Sunday, January 1, 2006
In biblical tradition, challah was a portion of dough set aside for the priests as described in Numbers 15:18-21. The amount of challah to be set aside was never specified in the Torah. According to rabbinic tradition it was either1/48th or 1/24th part of the dough. Nowadays, since we no longer have the priestly offerings, when one makes challah, one is now supposed to set a portion of the challah aside and throw it into the fire.
There is even a bracha recited when casting aside the dough which ends with, “Who commanded us to separate hallah from the dough.” The mitzvah of separating challah is traditionally regarded as one of the three positive mitzvot incumbent upon women (the others include the lighting the Shabbat candles and niddah, the laws of family purity).
Challah also has a second traditional meaning as described in Exodus 29:23, Lev. 24:5, and II Sam. 6:19 as a loaf or “cake” of baked bread.
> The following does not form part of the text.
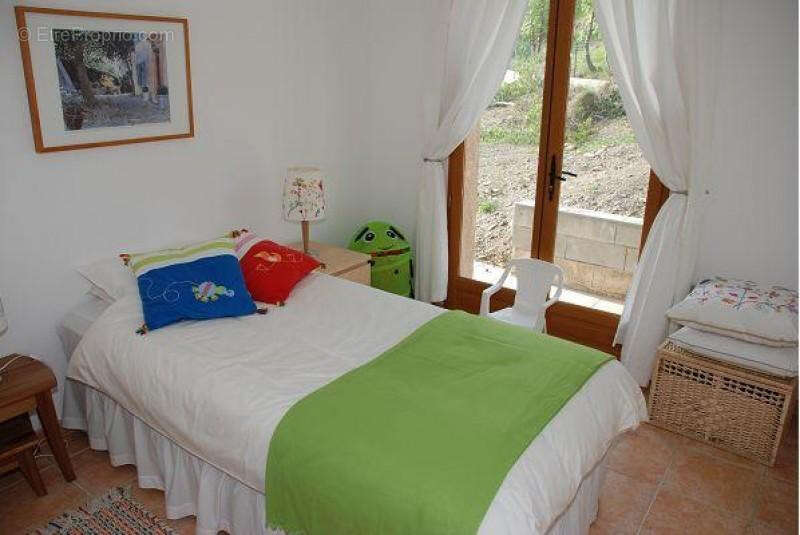 Maison à COLOMBIERS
From these readings, challah now is primarily associated with the special loaves made for holidays and Shabbat, usually from white flour that is twisted or braided. That being said, there is no law in Jewish tradition specifying the shape or style of a challah, or even its particular ingredients.
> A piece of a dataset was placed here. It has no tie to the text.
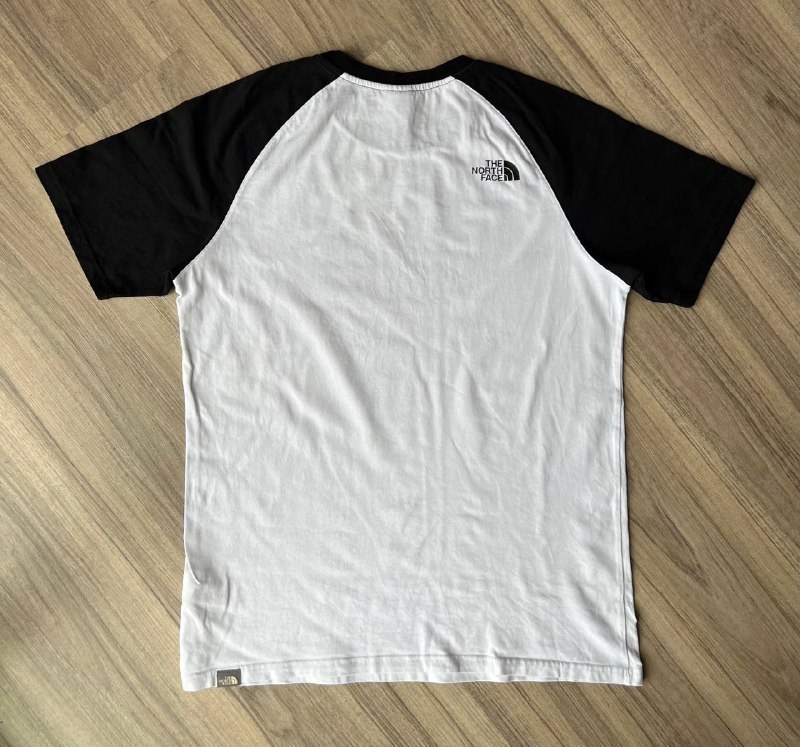 Футболка The North Face размер M 3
Traditional challah recipes usually use a large number of eggs, white flour, and sugar. There are also that use fewer eggs or are even eggless and replace white flour with whole wheat, oat, or even spelt. Sometimes honey or molasses is substituted for the sugar as a sweetener. The dough is then rolled into rope-shaped pieces which are braided with an egg-wash brushed on right before baking to add a golden sheen. Raisins can be added as well especially during Rosh Hashana as a symbol of a sweet New Year.
There are several interesting traditions associated with challah. For example Shabbat begins with the blessing of two challah loaves as a reminder of the double portion of manna the Israelites received from God while wandering in the wilderness. In some communities the challah is not even a braided loaf. Instead it is flat bread which most closely resembles pita as can be found in various Mizrahi Jewish communities.
Whatever your tradition is whether it involves lovingly handcrafted, frozen, or store-bought challahs, please make sure to add them to your Shabbat table. For even in our carb-conscious society, there is just something special about baked bread that adds extra significance to the meal. Plus it makes for great French toast on Shabbat morning.